One more regular expressions question

V

Victor Polukcht

I have a couple of strings like:

Unassigned Number (1) 32
No Route To Destination (3) 12
Normal call clearing (16) 2654
User busy (17) 630
No user respond (18) 5
User alerting no answer (19) 16
Call rejected (21) 3
Destination out of order (27) 1
Invalid number format (28) 32
Normal unspecified (31) 32
No channel available (34) 2
Temporary failure (41) 11
Switching equipment congestion (42) 4
Resource unavailable unspecified (47) 2
Bearer capability not authorized (57) 73
Incomp. dest. / Non-existent CUG (88) 1
Recovery on timer expiry (102) 2
Interworking, unspecified (127) 5

I need to get:
Error code (value in brackets) - Value - Message.

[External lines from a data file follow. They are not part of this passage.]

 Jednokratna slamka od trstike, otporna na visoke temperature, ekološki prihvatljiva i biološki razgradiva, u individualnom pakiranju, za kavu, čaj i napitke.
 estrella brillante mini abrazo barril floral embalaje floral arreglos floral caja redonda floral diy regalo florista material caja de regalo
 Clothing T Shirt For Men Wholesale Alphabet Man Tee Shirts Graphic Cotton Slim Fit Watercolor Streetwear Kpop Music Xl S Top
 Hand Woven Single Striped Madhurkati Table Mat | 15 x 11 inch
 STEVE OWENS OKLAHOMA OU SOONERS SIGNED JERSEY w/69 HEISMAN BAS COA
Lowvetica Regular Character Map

My actual problem is i can't get how to include space, comma, slash.
 
R

Roberto Bonvallet

Victor said:
My actual problem is i can't get how to include space, comma, slash.

Post here what you have written already, so we can tell you what the
problem is.
 
P

Peter Otten

Victor said:
I have a couple of strings like:

Unassigned Number (1) 32
No Route To Destination (3) 12
Normal call clearing (16) 2654
User busy (17) 630
No user respond (18) 5
User alerting no answer (19) 16
Call rejected (21) 3
Destination out of order (27) 1
Invalid number format (28) 32
Normal unspecified (31) 32
No channel available (34) 2
Temporary failure (41) 11
Switching equipment congestion (42) 4
Resource unavailable unspecified (47) 2
Bearer capability not authorized (57) 73
Incomp. dest. / Non-existent CUG (88) 1
Recovery on timer expiry (102) 2
Interworking, unspecified (127) 5

I need to get:
Error code (value in brackets) - Value - Message.

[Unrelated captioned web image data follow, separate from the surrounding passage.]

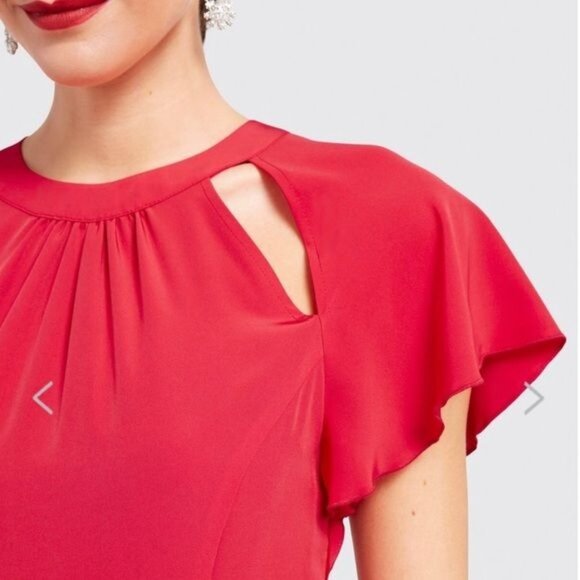 Draper James Solid Flutter Sleeve Mini Dress in Red Size 4 - Picture 9 of 9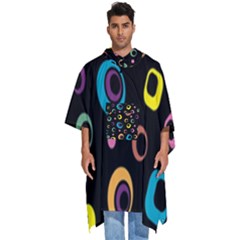 Abstract Background Retro 60s 70s Men s Hooded Rain Ponchos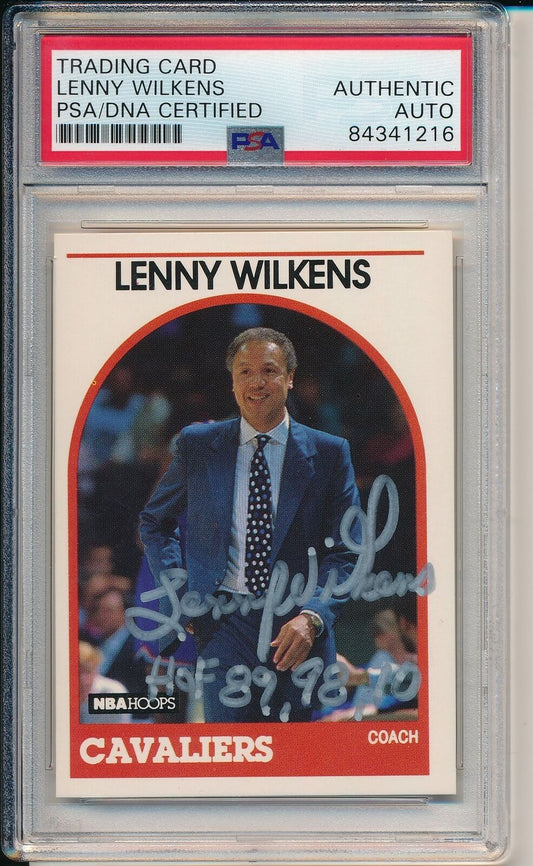 Lenny Wilkens HOF Cavaliers Signed 1989 Hoops Card #216 PSA/DNA 163518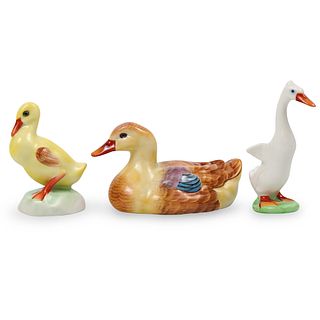(3 pc) Herend Porcelain Duck Figurines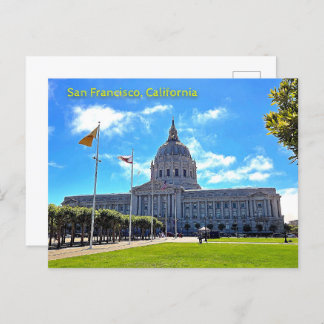 San Francisco California City Hall Postcard Note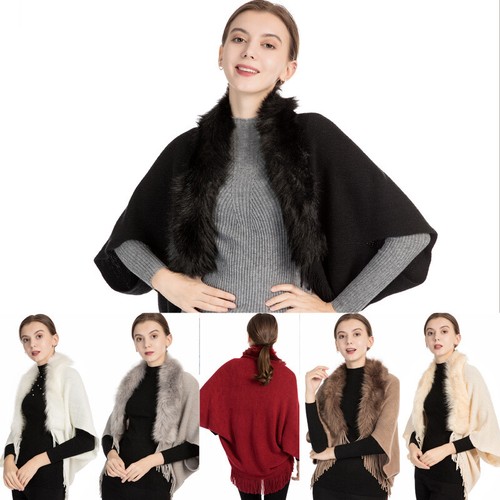 Damen strick poncho - strick, schal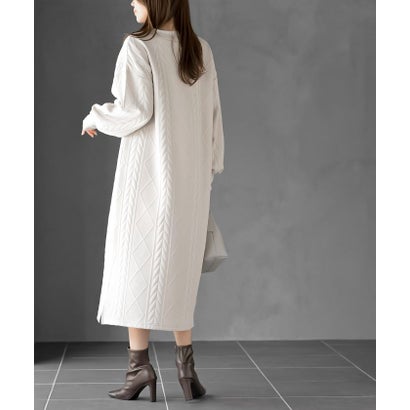 ふくれジャガードZIPワンピース （アイボリー）｜詳細画像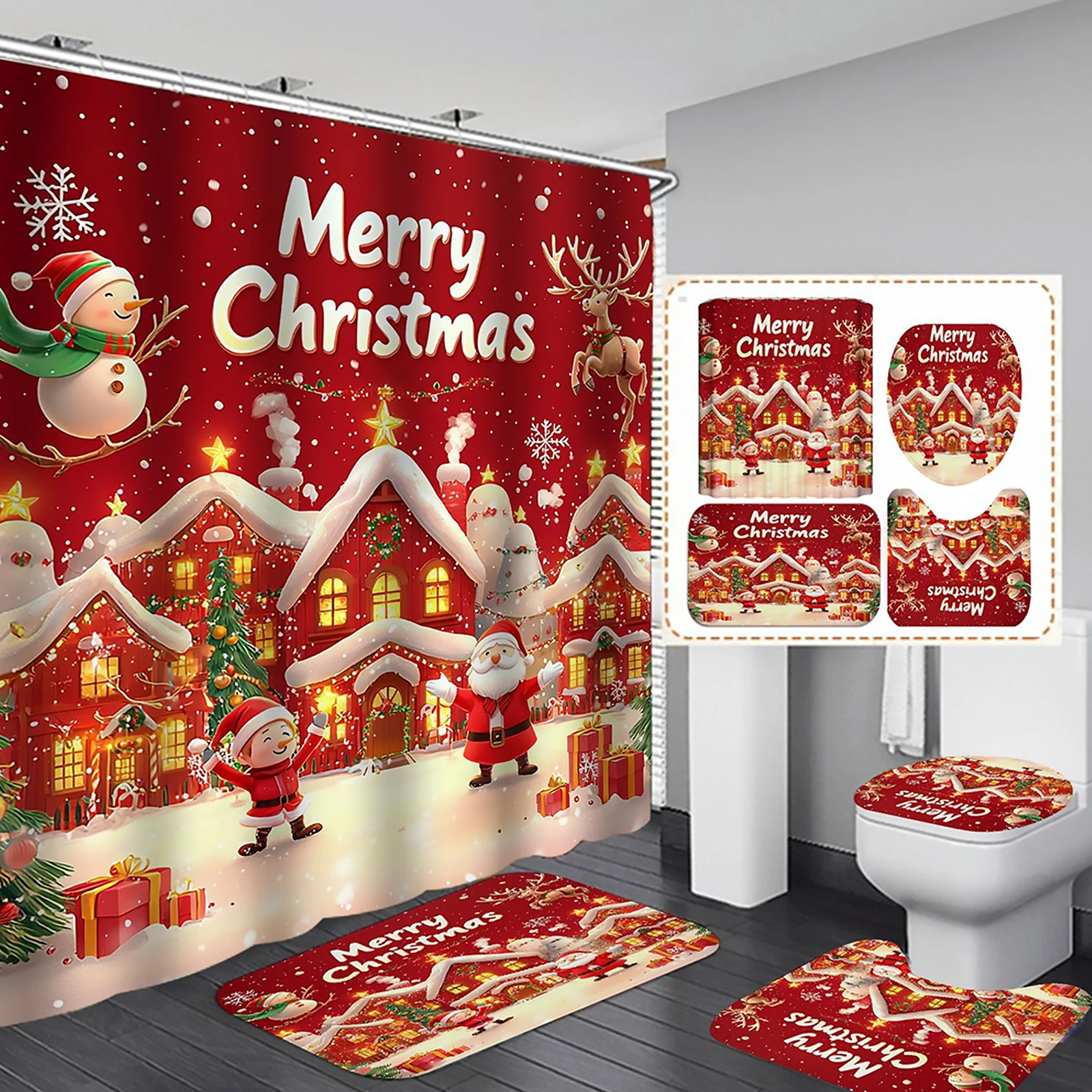 

4Pcs Christmas Shower Curtain Set Non-Slip Bathroom Decoration Set Waterproof Funny Shower Curtain Set Festival Gift for Friends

My actual problem is i can't get how to include space, comma, slash.

The following solution is 100% regex-free :)
Unassigned Number (1) 32
No Route To Destination (3) 12
Normal call clearing (16) 2654
User busy (17) 630
No user respond (18) 5
User alerting no answer (19) 16
Call rejected (21) 3
Destination out of order (27) 1
Invalid number format (28) 32
Normal unspecified (31) 32
No channel available (34) 2
Temporary failure (41) 11
Switching equipment congestion (42) 4
Resource unavailable unspecified (47) 2
Bearer capability not authorized (57) 73
Incomp. dest. / Non-existent CUG (88) 1
Recovery on timer expiry (102) 2
Interworking, unspecified (127) 5
[int(line.rsplit("(", 1)[1].split(")", 1)[0]) for line in
lines.splitlines()]
[1, 3, 16, 17, 18, 19, 21, 27, 28, 31, 34, 41, 42, 47, 57, 88, 102, 127]

Peter
 
V

Victor Polukcht

My pattern now is:

(?P<var1>[^(]+)(?P<var2>\d+)\)\s+(?P<var3>\d+)

And i expect to get:

var1 = "Unassigned Number "
var2 = "1"
var3 = "32"

I'm sure my regexp is incorrect, but can't understand where exactly.

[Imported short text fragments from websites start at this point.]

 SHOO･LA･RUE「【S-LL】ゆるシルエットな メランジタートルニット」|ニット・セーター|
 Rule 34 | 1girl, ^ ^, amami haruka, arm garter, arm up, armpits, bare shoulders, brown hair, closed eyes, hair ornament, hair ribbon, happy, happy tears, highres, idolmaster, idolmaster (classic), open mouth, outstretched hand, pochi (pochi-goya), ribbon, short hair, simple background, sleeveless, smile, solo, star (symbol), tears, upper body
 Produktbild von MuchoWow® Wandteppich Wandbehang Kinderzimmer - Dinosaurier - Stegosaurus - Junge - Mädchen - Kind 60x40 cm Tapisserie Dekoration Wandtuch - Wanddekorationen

Regex.debug shows that even the first block is incorrect.

Thanks in advance.
 
D

Daniele Varrazzo

Victor said:
I have a couple of strings like:

Unassigned Number (1) 32 [...]
Interworking, unspecified (127) 5

I need to get:
Error code (value in brackets) - Value - Message.

My actual problem is i can't get how to include space, comma, slash.

Probably you have some escaping problem. The substitution:

re.sub(r"^(.*)\s*\((\d+)\)\s+(\d+)", r'\2 - \3 - \1', row)

does the required job (where "row" is one of your lines)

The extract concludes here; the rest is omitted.